(Image-text web data)
• • • • •

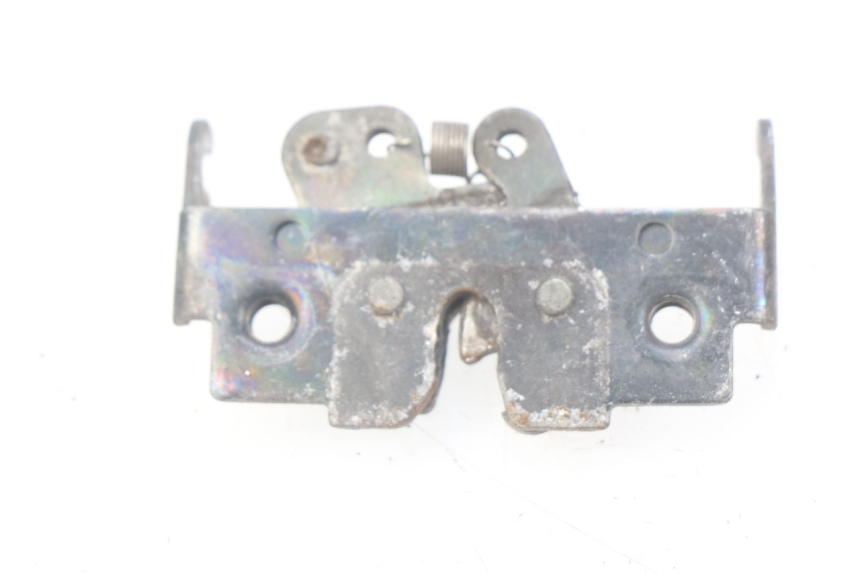 photo de SERRURE DE SELLE SUZUKI UH BURGMAN 125 (2002 - 2006) - Vue principale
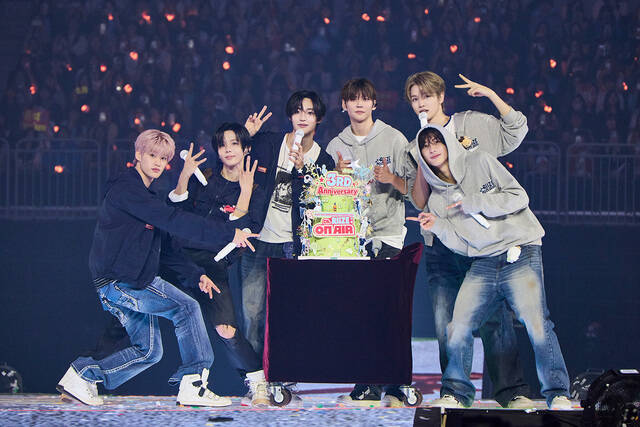 라이즈가 지난 12~13일 개최한 데뷔 3주년 팬미팅에서 내년 봄 정규 2집 그리고 그에 앞서 오는 10월 프롤로그 싱글을 발매한다는 소식을 전했다. /SM엔터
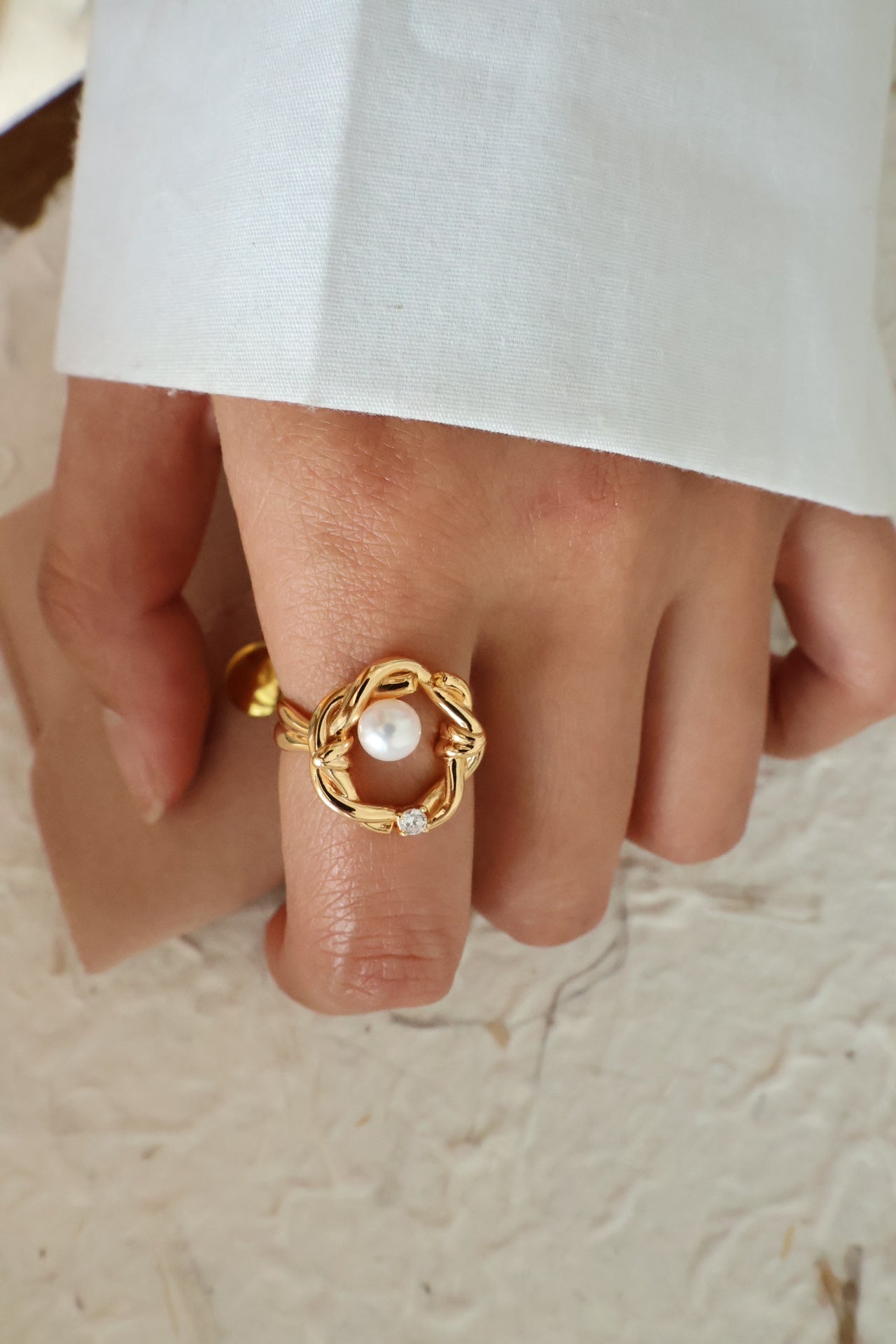 PEARL'S NEST RING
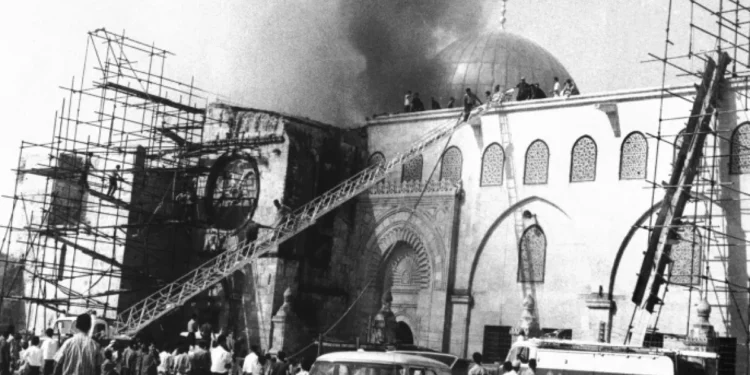 56 عامًا على جريمة إحراق الأقصى.. محطات شكلت الوعي الفلسطيني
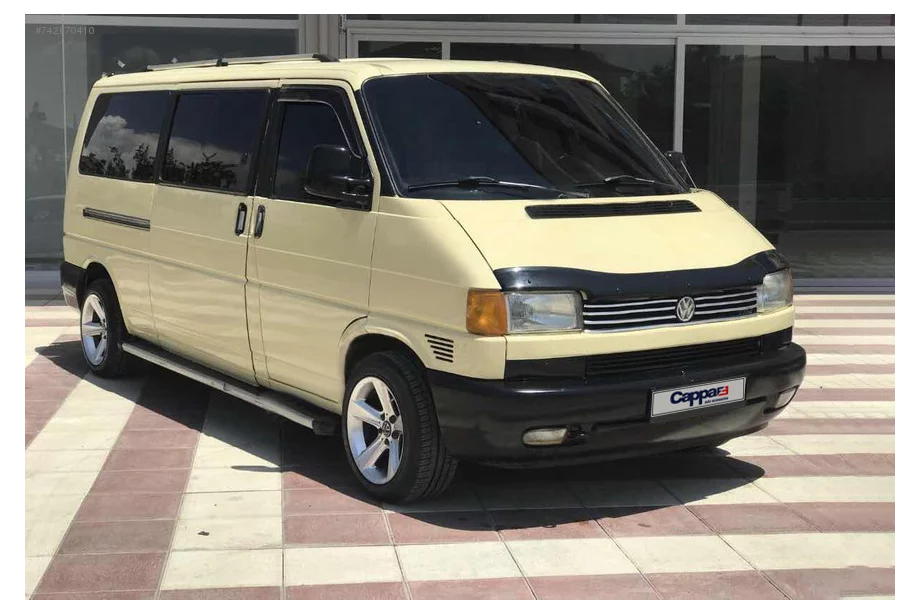 Volkswagen T4 Transporter 1990-2003 Deflektor maski (proste reflektory) (EuroCap V1) Zdjęcia 2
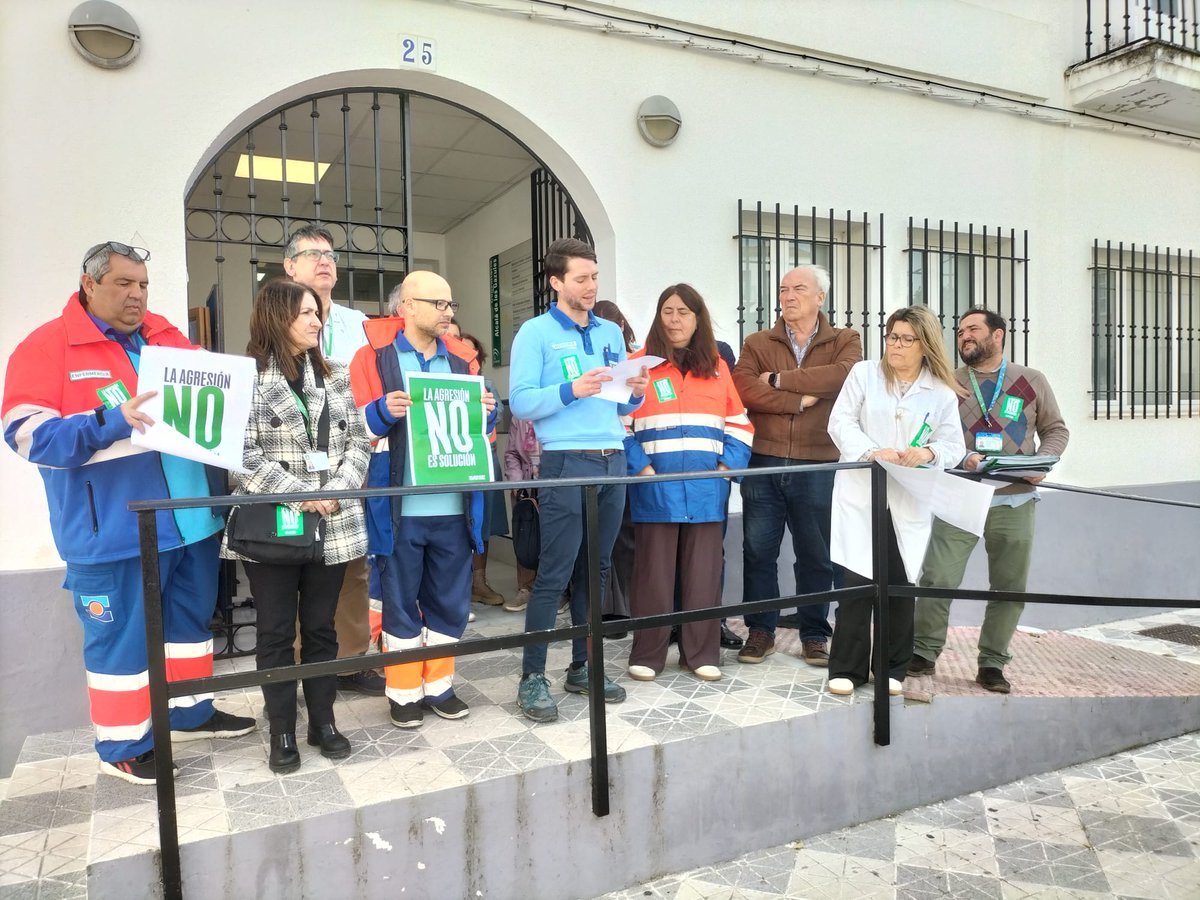 📍 SATSE Cádiz se ha concentrado hoy en los C.S. de Chiclana y Alcalá para condenar las dos últimas agresiones sufridas por profesionales de Enfermería 👩‍⚕️👨‍⚕️

❌ No podemos permitir que se maltrate a quienes nos cuidan.  
✋ #StopAgresiones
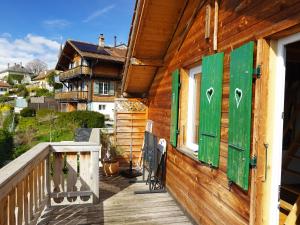 Balkón nebo terasa v ubytování "Les Echalas" Chalet indépendant avec cuisine en Lavaux Unesco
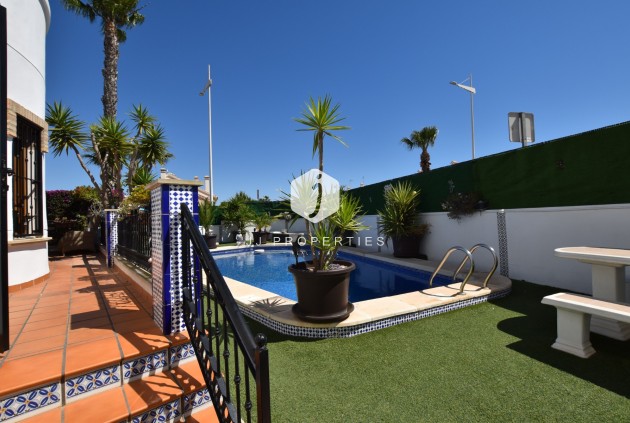 Resale - Villa -
Algorfa - Inland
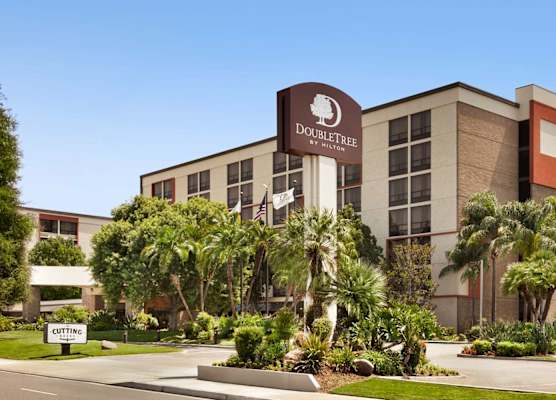 DoubleTree by Hilton San Bernardino 1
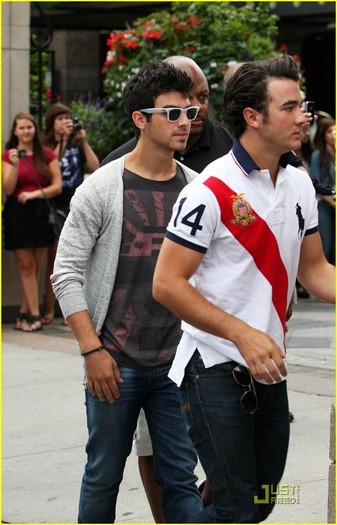 nm n - jonas brothers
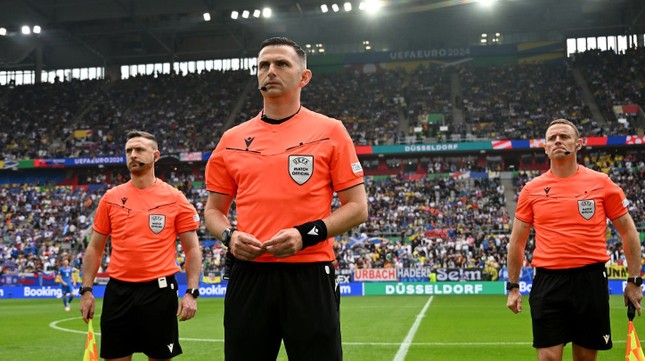 Hé lộ thu nhập của các trọng tài ở EURO 2024: Bắt 1 trận mua được 1 chiếc ô tô- Ảnh 1.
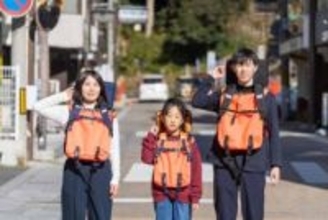 普段使いのリュックサックが、1分で救命胴衣に　丹波市のバックメーカーが開発　クラファン実施へ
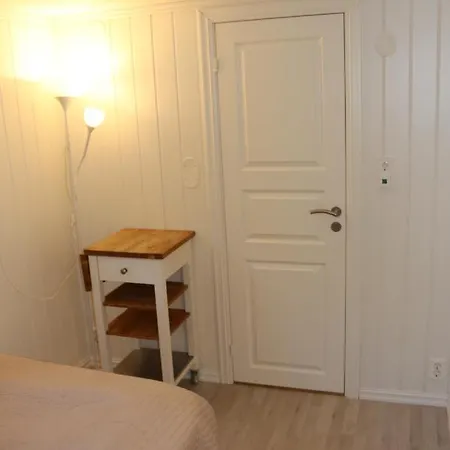 Daire With1 Bedroom Separate Living With A Sofa Bed And A Tiny Kitchen A Bathroom Located In Nordstrand Near By The Sea For 3 Guests With A Garden And Grill With Sea View Just Outside The *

• • • • •

ASSIGNMENT:
Strip the images and return the remaining data exactly.

EXERCISE SOLUTION:
 photo de SERRURE DE SELLE SUZUKI UH BURGMAN 125 (2002 - 2006) - Vue principale
 라이즈가 지난 12~13일 개최한 데뷔 3주년 팬미팅에서 내년 봄 정규 2집 그리고 그에 앞서 오는 10월 프롤로그 싱글을 발매한다는 소식을 전했다. /SM엔터
 PEARL'S NEST RING
 56 عامًا على جريمة إحراق الأقصى.. محطات شكلت الوعي الفلسطيني
 Volkswagen T4 Transporter 1990-2003 Deflektor maski (proste reflektory) (EuroCap V1) Zdjęcia 2
 📍 SATSE Cádiz se ha concentrado hoy en los C.S. de Chiclana y Alcalá para condenar las dos últimas agresiones sufridas por profesionales de Enfermería 👩‍⚕️👨‍⚕️

❌ No podemos permitir que se maltrate a quienes nos cuidan.  
✋ #StopAgresiones
 Balkón nebo terasa v ubytování "Les Echalas" Chalet indépendant avec cuisine en Lavaux Unesco
 Resale - Villa -
Algorfa - Inland
 DoubleTree by Hilton San Bernardino 1
 nm n - jonas brothers
 Hé lộ thu nhập của các trọng tài ở EURO 2024: Bắt 1 trận mua được 1 chiếc ô tô- Ảnh 1.
 普段使いのリュックサックが、1分で救命胴衣に　丹波市のバックメーカーが開発　クラファン実施へ
 Daire With1 Bedroom Separate Living With A Sofa Bed And A Tiny Kitchen A Bathroom Located In Nordstrand Near By The Sea For 3 Guests With A Garden And Grill With Sea View Just Outside The *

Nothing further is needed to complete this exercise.